Content starts

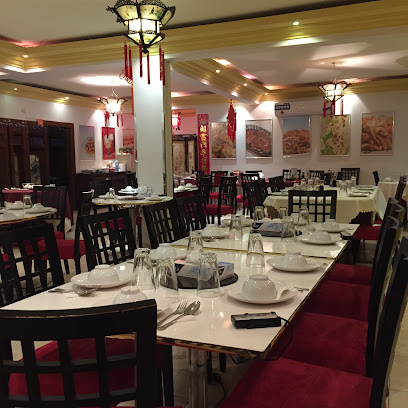 Riyadh Chinese Restaurant - Riyadh - +966 11 465 5451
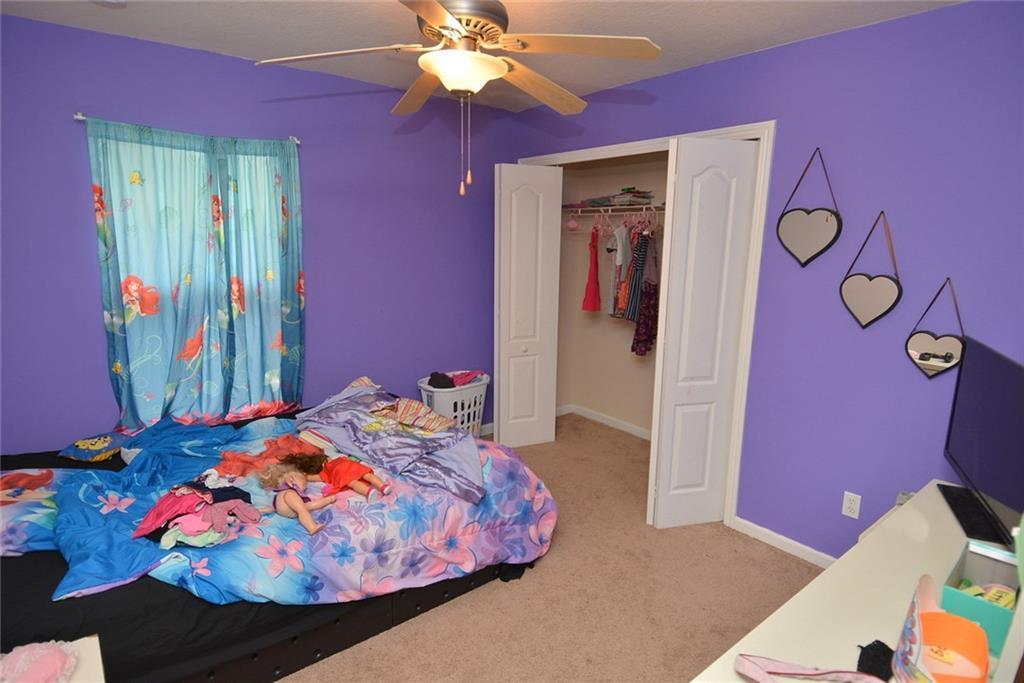 PORT ST LUCIE SECTION  22 - Residential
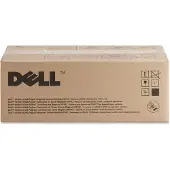 Dell 593-10292 H514C Värikasetti magenta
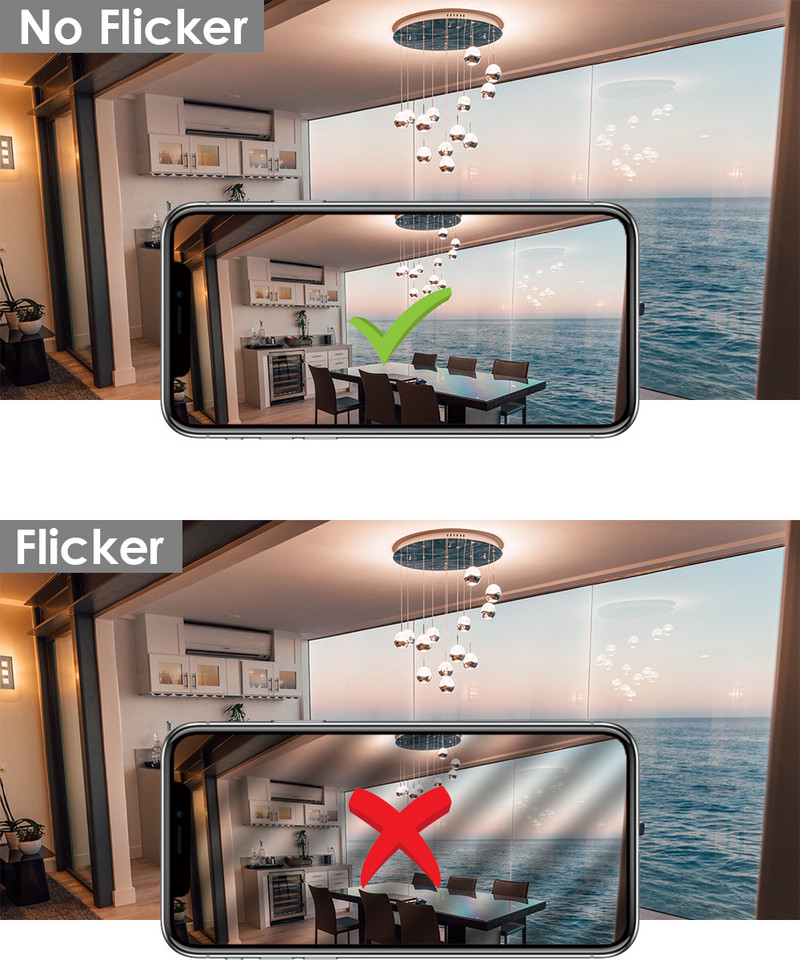 E27 E14 Retro Edison LED Bec cu filament Bec 220-240V Bec C35 G45 A60 ST64 G80 G95 G125 Bec din sticlă Lumânare vintage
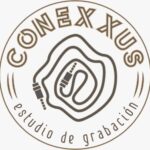 estudio de grabacion - conexxus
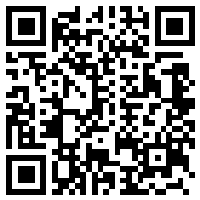 QR Code for litecoin:MQpBkg9QR4QDFfmZoGPofeLuEVHo5TtFfB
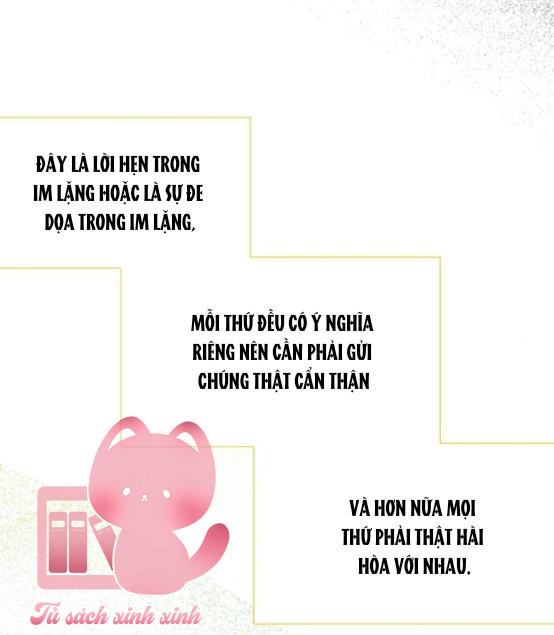 Serena - Chap 10 - Trang 59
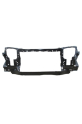Mazda 323 Protege Ön Panel Komple Avrupa Tip 99 05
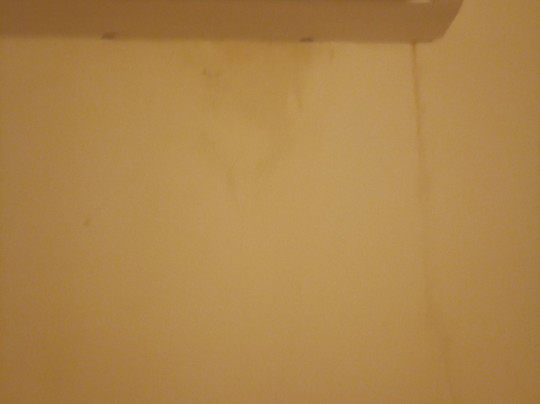 Mendihuaca Caribbean Resort主图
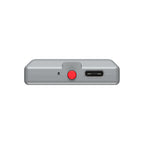 8BitDo Retro Receiver for PS - AKNES
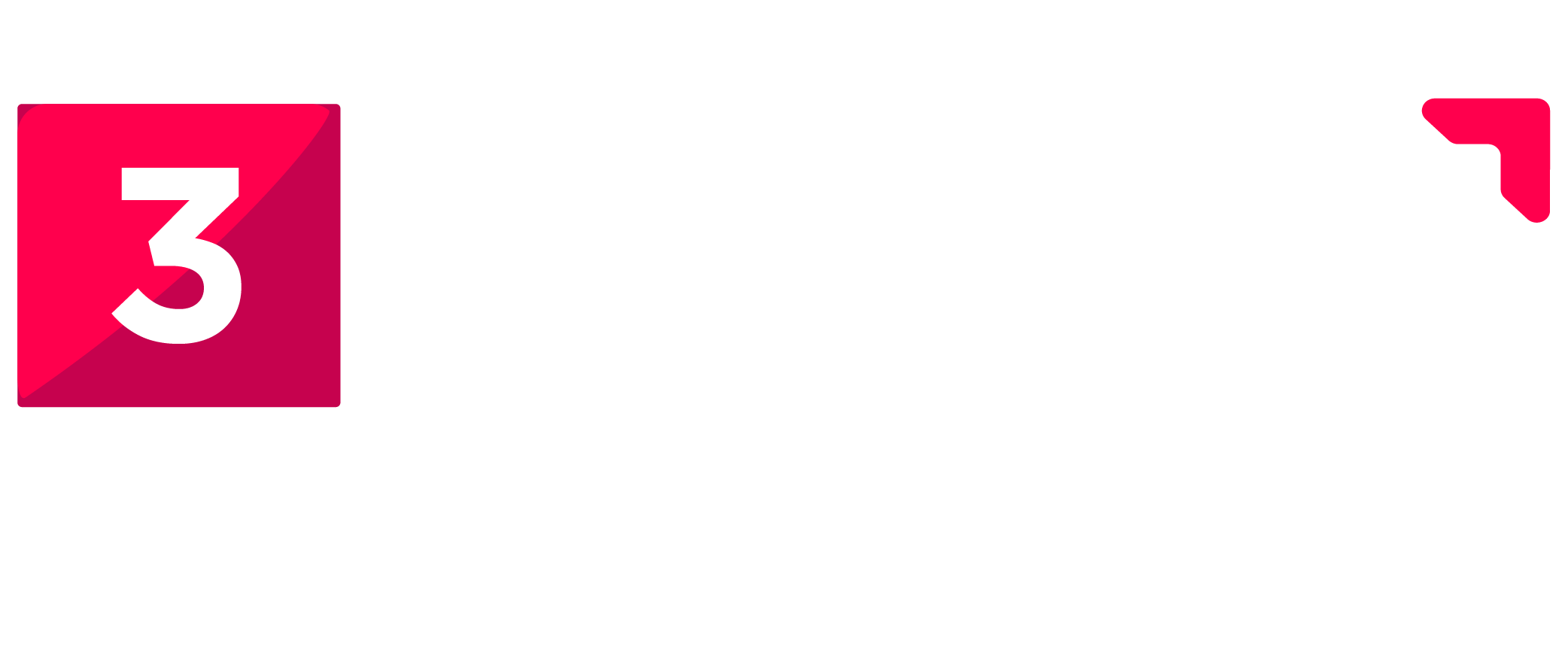 ASN 3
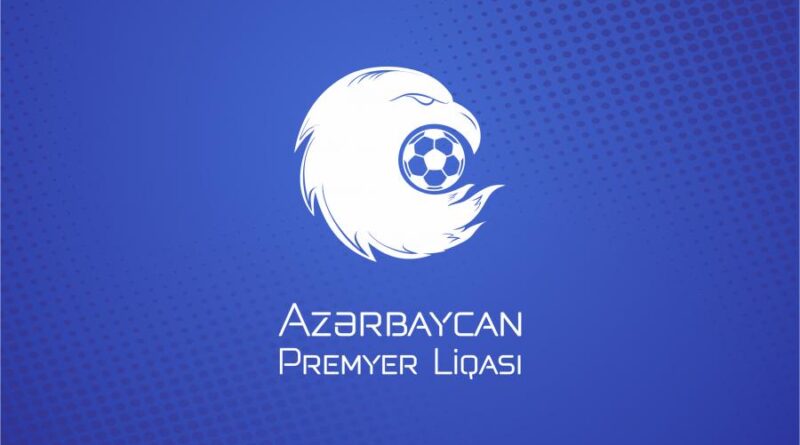 “Qarabağ” və “Neftçi” arasında ilk oyunun vaxtı məlum oldu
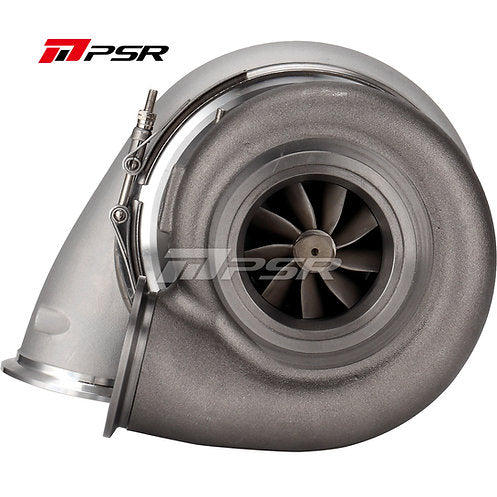 Pulsar PSR7375G / 42-1200 - Wayside Performance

Content ends

• _Exercise_: Transcribe all the lines above exactly, apart from the pictures.

• _The answer_:
 Riyadh Chinese Restaurant - Riyadh - +966 11 465 5451
 PORT ST LUCIE SECTION  22 - Residential
 Dell 593-10292 H514C Värikasetti magenta
 E27 E14 Retro Edison LED Bec cu filament Bec 220-240V Bec C35 G45 A60 ST64 G80 G95 G125 Bec din sticlă Lumânare vintage
 estudio de grabacion - conexxus
 QR Code for litecoin:MQpBkg9QR4QDFfmZoGPofeLuEVHo5TtFfB
 Serena - Chap 10 - Trang 59
Mazda 323 Protege Ön Panel Komple Avrupa Tip 99 05
 Mendihuaca Caribbean Resort主图
 8BitDo Retro Receiver for PS - AKNES
 ASN 3
 “Qarabağ” və “Neftçi” arasında ilk oyunun vaxtı məlum oldu
 Pulsar PSR7375G / 42-1200 - Wayside Performance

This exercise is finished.